• **DATA FOR REVIEW**:
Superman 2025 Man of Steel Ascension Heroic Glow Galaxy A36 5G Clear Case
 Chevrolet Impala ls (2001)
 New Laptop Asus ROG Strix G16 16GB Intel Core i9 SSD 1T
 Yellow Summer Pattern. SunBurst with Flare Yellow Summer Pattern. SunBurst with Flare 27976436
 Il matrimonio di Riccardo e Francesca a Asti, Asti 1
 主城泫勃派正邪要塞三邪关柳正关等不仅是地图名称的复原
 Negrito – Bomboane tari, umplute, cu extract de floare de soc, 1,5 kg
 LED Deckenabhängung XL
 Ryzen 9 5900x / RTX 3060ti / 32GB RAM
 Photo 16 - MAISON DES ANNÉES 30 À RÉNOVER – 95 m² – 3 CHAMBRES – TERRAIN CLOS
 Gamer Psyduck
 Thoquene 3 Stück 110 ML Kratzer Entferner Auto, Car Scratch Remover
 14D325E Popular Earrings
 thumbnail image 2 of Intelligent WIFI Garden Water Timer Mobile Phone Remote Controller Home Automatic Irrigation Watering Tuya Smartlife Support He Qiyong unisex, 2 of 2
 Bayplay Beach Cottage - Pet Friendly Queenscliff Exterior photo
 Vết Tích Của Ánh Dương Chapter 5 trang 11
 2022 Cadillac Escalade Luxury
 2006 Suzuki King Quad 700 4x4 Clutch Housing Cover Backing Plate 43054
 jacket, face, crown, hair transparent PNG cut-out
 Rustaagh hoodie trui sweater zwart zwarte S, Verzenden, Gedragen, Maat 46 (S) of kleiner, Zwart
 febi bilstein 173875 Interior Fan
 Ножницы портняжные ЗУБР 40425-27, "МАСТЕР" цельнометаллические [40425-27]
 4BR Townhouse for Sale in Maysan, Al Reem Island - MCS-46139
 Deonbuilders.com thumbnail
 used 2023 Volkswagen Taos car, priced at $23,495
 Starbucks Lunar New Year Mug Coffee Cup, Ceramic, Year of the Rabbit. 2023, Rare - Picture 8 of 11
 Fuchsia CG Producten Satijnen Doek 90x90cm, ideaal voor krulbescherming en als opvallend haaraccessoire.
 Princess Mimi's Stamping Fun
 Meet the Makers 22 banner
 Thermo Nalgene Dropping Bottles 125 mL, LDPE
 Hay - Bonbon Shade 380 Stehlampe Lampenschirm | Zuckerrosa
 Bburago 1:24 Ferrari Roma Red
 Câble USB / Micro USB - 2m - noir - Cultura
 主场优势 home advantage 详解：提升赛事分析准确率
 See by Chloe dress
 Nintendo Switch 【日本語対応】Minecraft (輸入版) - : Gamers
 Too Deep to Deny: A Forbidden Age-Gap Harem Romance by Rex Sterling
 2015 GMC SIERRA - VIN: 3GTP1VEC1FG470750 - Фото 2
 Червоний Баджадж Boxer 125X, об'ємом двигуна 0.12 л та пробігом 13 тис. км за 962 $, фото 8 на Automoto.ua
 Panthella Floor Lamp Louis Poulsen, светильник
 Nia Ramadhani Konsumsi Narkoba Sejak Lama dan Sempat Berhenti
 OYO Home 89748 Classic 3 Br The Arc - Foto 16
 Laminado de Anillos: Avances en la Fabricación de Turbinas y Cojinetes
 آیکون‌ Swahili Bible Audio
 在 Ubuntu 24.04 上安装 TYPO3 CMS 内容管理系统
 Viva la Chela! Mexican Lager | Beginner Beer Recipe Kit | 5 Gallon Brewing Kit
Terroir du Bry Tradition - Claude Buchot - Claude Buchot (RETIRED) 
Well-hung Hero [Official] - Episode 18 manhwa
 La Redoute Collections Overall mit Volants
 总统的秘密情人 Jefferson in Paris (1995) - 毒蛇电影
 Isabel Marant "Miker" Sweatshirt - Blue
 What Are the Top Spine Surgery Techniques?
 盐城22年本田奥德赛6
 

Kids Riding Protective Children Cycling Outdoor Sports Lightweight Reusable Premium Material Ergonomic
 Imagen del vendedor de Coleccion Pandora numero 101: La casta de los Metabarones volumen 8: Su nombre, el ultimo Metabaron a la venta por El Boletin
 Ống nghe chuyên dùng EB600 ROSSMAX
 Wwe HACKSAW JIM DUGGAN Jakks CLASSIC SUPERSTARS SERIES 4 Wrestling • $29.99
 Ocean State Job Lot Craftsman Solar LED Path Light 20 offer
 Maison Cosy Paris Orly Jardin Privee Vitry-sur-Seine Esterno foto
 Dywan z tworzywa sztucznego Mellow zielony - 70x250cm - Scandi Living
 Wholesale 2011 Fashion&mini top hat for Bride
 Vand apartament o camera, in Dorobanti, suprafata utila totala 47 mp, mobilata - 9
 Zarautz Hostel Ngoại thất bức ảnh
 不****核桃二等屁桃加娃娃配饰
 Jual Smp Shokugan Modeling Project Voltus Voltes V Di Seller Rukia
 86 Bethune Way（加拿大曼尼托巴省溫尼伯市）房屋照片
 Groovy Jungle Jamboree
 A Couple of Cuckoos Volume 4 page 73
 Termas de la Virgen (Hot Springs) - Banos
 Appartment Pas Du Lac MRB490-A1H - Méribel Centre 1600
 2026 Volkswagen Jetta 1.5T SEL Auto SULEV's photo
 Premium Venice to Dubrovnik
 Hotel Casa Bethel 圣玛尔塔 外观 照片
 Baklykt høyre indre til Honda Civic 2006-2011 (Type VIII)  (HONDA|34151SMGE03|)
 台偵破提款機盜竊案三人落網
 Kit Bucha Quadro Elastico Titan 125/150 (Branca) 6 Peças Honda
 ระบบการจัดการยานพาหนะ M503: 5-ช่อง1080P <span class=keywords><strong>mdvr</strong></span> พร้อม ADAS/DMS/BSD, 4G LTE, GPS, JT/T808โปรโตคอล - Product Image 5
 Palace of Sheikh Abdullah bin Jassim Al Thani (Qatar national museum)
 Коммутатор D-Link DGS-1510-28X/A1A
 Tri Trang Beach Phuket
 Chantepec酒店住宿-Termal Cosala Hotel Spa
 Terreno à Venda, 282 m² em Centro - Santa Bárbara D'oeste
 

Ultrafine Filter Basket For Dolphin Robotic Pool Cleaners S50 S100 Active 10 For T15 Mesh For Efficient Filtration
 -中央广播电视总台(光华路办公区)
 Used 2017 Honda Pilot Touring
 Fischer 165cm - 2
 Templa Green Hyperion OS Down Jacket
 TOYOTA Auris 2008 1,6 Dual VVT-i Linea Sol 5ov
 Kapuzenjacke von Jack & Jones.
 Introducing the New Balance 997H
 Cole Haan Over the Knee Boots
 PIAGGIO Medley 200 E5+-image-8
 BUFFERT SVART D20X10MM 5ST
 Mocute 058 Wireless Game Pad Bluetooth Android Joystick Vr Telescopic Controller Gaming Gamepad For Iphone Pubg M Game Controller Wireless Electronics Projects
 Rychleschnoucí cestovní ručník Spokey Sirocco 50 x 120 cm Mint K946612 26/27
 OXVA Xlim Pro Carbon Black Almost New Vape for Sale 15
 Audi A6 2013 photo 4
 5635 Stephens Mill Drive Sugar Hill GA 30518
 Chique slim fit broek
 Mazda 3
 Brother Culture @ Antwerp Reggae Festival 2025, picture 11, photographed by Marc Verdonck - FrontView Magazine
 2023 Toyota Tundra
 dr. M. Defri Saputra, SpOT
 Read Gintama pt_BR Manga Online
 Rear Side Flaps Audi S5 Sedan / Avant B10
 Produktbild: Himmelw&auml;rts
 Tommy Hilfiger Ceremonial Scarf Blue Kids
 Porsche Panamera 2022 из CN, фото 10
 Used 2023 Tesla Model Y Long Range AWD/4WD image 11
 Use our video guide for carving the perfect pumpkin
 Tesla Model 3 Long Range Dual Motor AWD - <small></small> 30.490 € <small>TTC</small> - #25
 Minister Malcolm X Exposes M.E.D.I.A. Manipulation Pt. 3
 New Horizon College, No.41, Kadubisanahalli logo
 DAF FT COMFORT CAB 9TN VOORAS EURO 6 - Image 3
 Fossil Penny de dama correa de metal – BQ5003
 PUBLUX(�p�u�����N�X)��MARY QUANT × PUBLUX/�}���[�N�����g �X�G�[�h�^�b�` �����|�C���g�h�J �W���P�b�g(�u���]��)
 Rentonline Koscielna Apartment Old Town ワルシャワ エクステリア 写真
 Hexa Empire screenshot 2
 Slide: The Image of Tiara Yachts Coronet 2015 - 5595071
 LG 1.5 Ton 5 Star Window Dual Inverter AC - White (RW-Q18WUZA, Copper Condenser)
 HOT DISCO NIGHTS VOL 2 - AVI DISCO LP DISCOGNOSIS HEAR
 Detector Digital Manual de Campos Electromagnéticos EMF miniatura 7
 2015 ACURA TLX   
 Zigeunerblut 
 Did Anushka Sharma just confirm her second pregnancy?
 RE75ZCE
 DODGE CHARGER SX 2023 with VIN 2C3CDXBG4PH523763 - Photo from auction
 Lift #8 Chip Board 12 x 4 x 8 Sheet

• **AIM OF THE TASK**: Write down, word for word, the lines above from the one containing "Thoquene 3 Stück" through the one containing "Nia Ramadhani Konsumsi", both ends included.

• **TASK RESULT**:
 Thoquene 3 Stück 110 ML Kratzer Entferner Auto, Car Scratch Remover
 14D325E Popular Earrings
 thumbnail image 2 of Intelligent WIFI Garden Water Timer Mobile Phone Remote Controller Home Automatic Irrigation Watering Tuya Smartlife Support He Qiyong unisex, 2 of 2
 Bayplay Beach Cottage - Pet Friendly Queenscliff Exterior photo
 Vết Tích Của Ánh Dương Chapter 5 trang 11
 2022 Cadillac Escalade Luxury
 2006 Suzuki King Quad 700 4x4 Clutch Housing Cover Backing Plate 43054
 jacket, face, crown, hair transparent PNG cut-out
 Rustaagh hoodie trui sweater zwart zwarte S, Verzenden, Gedragen, Maat 46 (S) of kleiner, Zwart
 febi bilstein 173875 Interior Fan
 Ножницы портняжные ЗУБР 40425-27, "МАСТЕР" цельнометаллические [40425-27]
 4BR Townhouse for Sale in Maysan, Al Reem Island - MCS-46139
 Deonbuilders.com thumbnail
 used 2023 Volkswagen Taos car, priced at $23,495
 Starbucks Lunar New Year Mug Coffee Cup, Ceramic, Year of the Rabbit. 2023, Rare - Picture 8 of 11
 Fuchsia CG Producten Satijnen Doek 90x90cm, ideaal voor krulbescherming en als opvallend haaraccessoire.
 Princess Mimi's Stamping Fun
 Meet the Makers 22 banner
 Thermo Nalgene Dropping Bottles 125 mL, LDPE
 Hay - Bonbon Shade 380 Stehlampe Lampenschirm | Zuckerrosa
 Bburago 1:24 Ferrari Roma Red
 Câble USB / Micro USB - 2m - noir - Cultura
 主场优势 home advantage 详解：提升赛事分析准确率
 See by Chloe dress
 Nintendo Switch 【日本語対応】Minecraft (輸入版) - : Gamers
 Too Deep to Deny: A Forbidden Age-Gap Harem Romance by Rex Sterling
 2015 GMC SIERRA - VIN: 3GTP1VEC1FG470750 - Фото 2
 Червоний Баджадж Boxer 125X, об'ємом двигуна 0.12 л та пробігом 13 тис. км за 962 $, фото 8 на Automoto.ua
 Panthella Floor Lamp Louis Poulsen, светильник
 Nia Ramadhani Konsumsi Narkoba Sejak Lama dan Sempat Berhenti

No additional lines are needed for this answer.